Perhaps the existence of such questions explains the longstanding division in the courts about whether 23(c)(4) can be used in cases in which 23(b)(3) cannot be satisfied. At least some courts seem to think that is not permissible. But a different interpretation of the current rule might be that — at least with regard to manageability — Rule 23(c)(4) offers a technique that facilitates certification under Rule 23(b)(3). In any event, it is clear that there is a division among the courts about how the current rule should be interpreted, and that it has existed for some time. It is also reasonably clear that in some courts issue certification is quite popular.

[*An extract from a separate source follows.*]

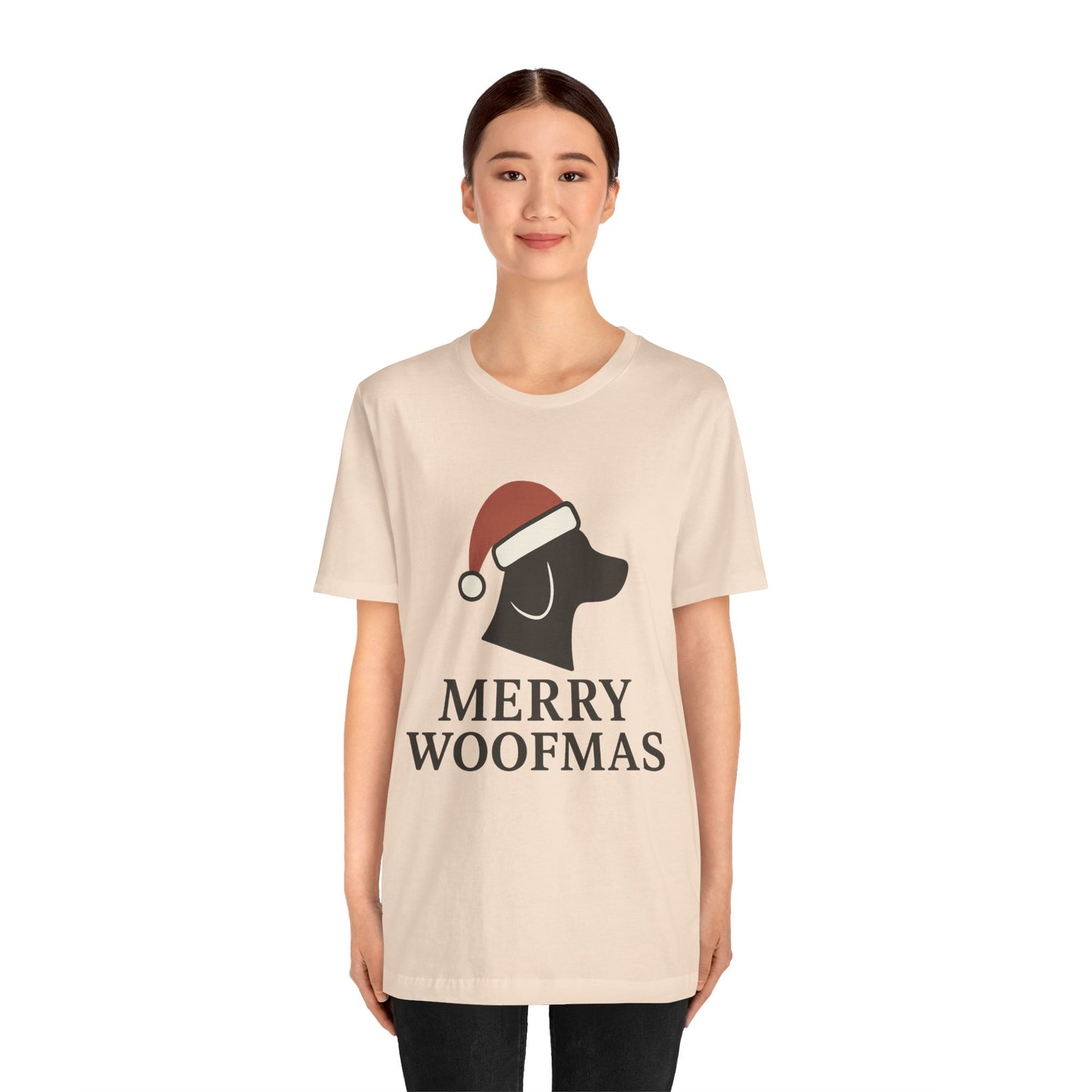Merry Woofmas Christmas Unisex Jersey Short Sleeve Tee T-shirt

It may be that a reconciliation of these two parts of the current rule is possible, perhaps by recognizing in 23(b)(3) that its requirements are subject to the alternative and more limited certification authority in 23(c)(4). It is also possible that 23(c)(4) might be amended to elaborate on when use of issue certification is “appropriate.” It is unnerving to have such a blatant division in the circuits about what the rules permit.
(Emphases added.) There are two reasons for this “blatant division.” The first is that, despite the drafters’ express belief that Rule 23(c)(4) was “obvious[ly]” just clarifying the process of certification under the first two sections of the Rule, its language is ambiguous enough to create confusion about where it fits into the certification scheme.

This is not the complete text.